Polemik Ijazah Jokowi, Pengamat: Penegakan Hukum Anomali dan Tidak Seimbang

Damai Hari Lubis, Pengamat KUHP (Kebijakan Umum Hukum dan Politik)

Jakarta, Satuju.com – Polemik terkait dugaan ijazah palsu Presiden Joko Widodo (Jokowi) kembali mencuat di ruang publik. Dalam wawancara eksklusif dengan Satuju.com, Pengamat KUHP (Kebijakan Umum Hukum dan Politik), Damai Hari Lubis, mengungkap sejumlah kejanggalan dalam penanganan kasus ini, serta sikap menarik Bareskrim Polri dalam memperingatkan tersangka terhadap pihak-pihak yang memahami keaslian ijazah tersebut.

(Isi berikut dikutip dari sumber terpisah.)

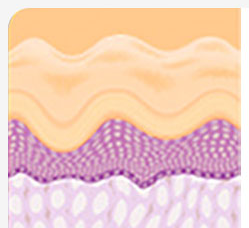 Cross-sectional illustration of skin sagging analysis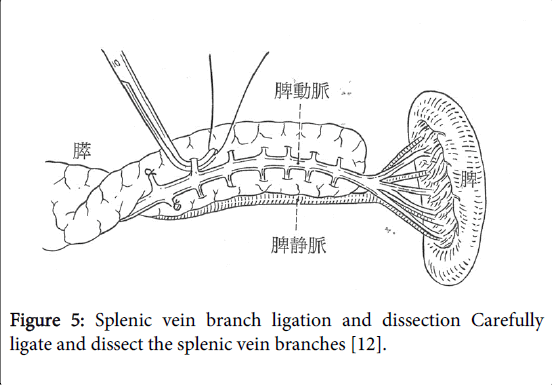 gastrointestinal-digestive-system-vein-branches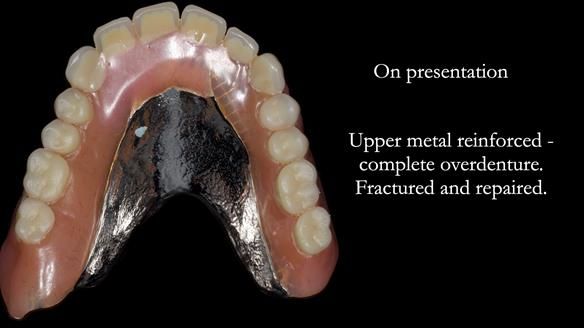 Newsletter 74: Ken’s Case Study Complete Dentures - Life Like and Age Appropriate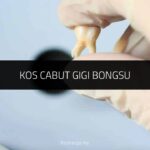 √ Kos Cabut Gigi Bongsu: Prosedur, Penjagaan, Harga 2024 Kos Cabut Gigi Bongsu
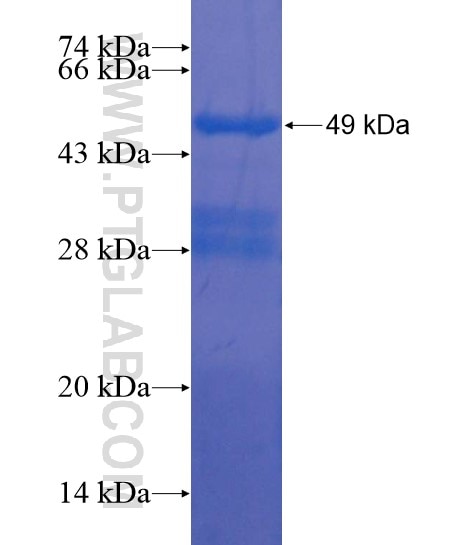 OTUD6B fusion protein Ag22044 SDS-PAGE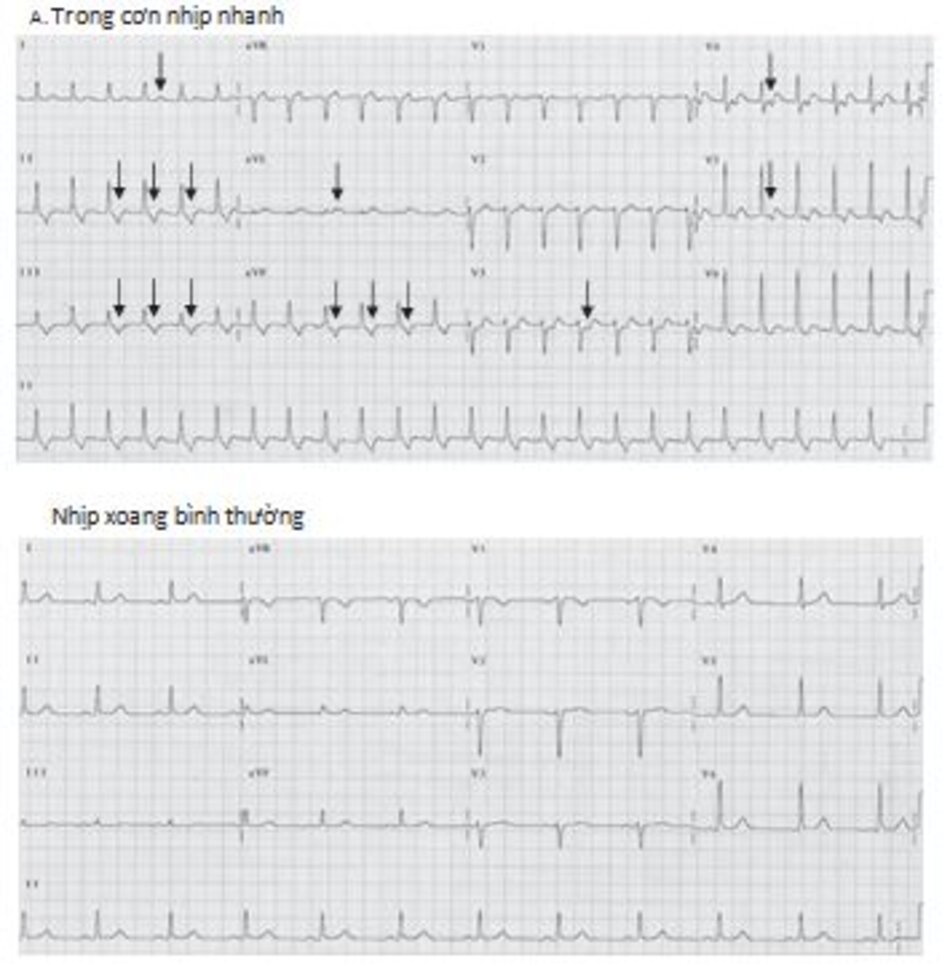 Hình 16.28: Nhịp nhanh vào lại nhĩ thất (AVRT). (A) Hình ảnh ECG trong cơn nhịp nhanh. Sóng P âm ở các chuyển đạo DII, DIII, aVF và dương ở chuyển đạo DI, aVL (mũi tên).Sóng P âm cũng hiễn diện từ V3 đến V5. Sự hiện diện của sóng P dương ở chuyển đạo DI và aVL trong cơn nhịp nhanh cho thấy hướng hoạt hóa tâm nhĩ sẽ đi từ phải sang trái, phù hợp với đường dẫn truyền phụ nằm bên phải. Lưu ý, khi chuyển về nhịp xoang (B), không có bằng chứng của hội chứng tiền kích thích xuất hiện. Loại AVRT này liên quan đến đường dẫn truyền phụ ẩn giấu.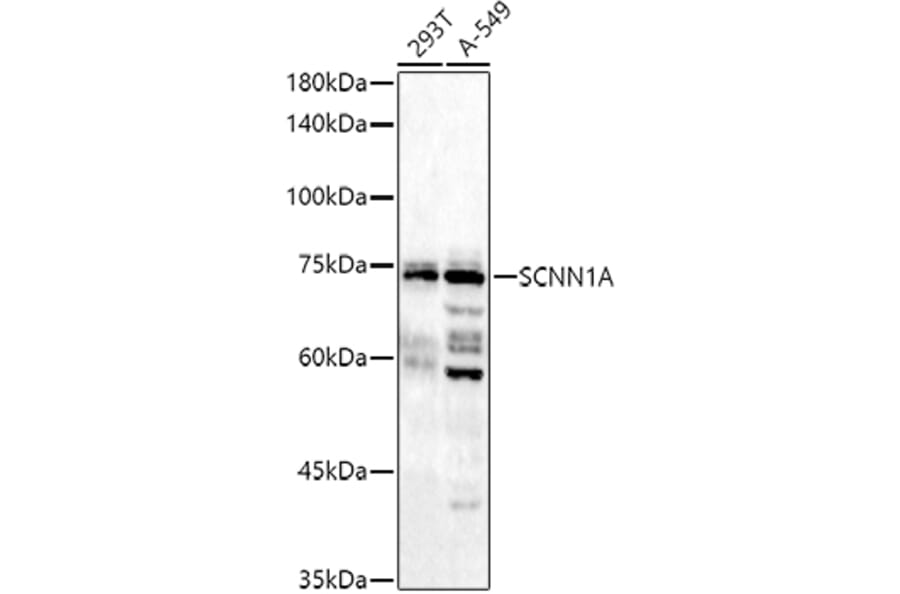 Western Blot - Anti-epithelial Sodium Channel alpha Antibody (A11846) - Antibodies.com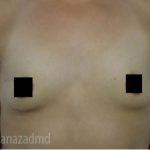 Breast Augmentation Before & After Patient #2152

“Selama satu dekade lebih, masyarakat memaknai keaslian ijazah S-1 Presiden Jokowi. Tapi mereka yang menyuarakan keraguan justru kini diberi label menyebarkan fitnah dan bahkan dilaporkan ke Bareskrim,” ujar Damai Hari Lubis kepada Satuju.com melalui WhatsApp.

Menurutnya, publisitas tersebut didasarkan pada data empiris dan sejumlah temuan hukum, termasuk bukti ilmiah yang sulit disanggah secara rasional. Ia menegaskan bahwa dalam sistem hukum Indonesia, setiap warga negara memiliki hak untuk mengkritik dan meminta klarifikasi dari pejabat publik sepanjang berdasarkan data dan tidak bertujuan memfitnah.

Kalau tuduhan itu didasari bukti yang bisa diuji secara hukum, maka harus dijawab dengan klarifikasi terbuka, bukan langsung diproses hukum.Itu amanah konstitusi dan prinsip keterbukaan informasi publik, tambahnya.

Isu ini kembali muncul bersamaan dengan kegaduhan di dunia maya, menyusul hadirnya akun Fufu Fafa di forum Kaskus yang menyentil keluarga besar Presiden terpilih Prabowo Subianto. Namun menurut Damai Hari Lubis, belum tampak keseriusan Bareskrim dalam menyelidiki akun tersebut, meski sudah menimbulkan keresahan publik.

“Publik menduga kuat bahwa pemilik akun tersebut adalah Gibran Rakabuming Raka, yang kini Wapres RI. Namun hingga kini belum ada klarifikasi dari Gibran, bahkan Presiden Jokowi sendiri tidak mengambil langkah hukum terhadap pihak-pihak yang merugikan nama baik Gibran dan keluarga,” ujar Damai.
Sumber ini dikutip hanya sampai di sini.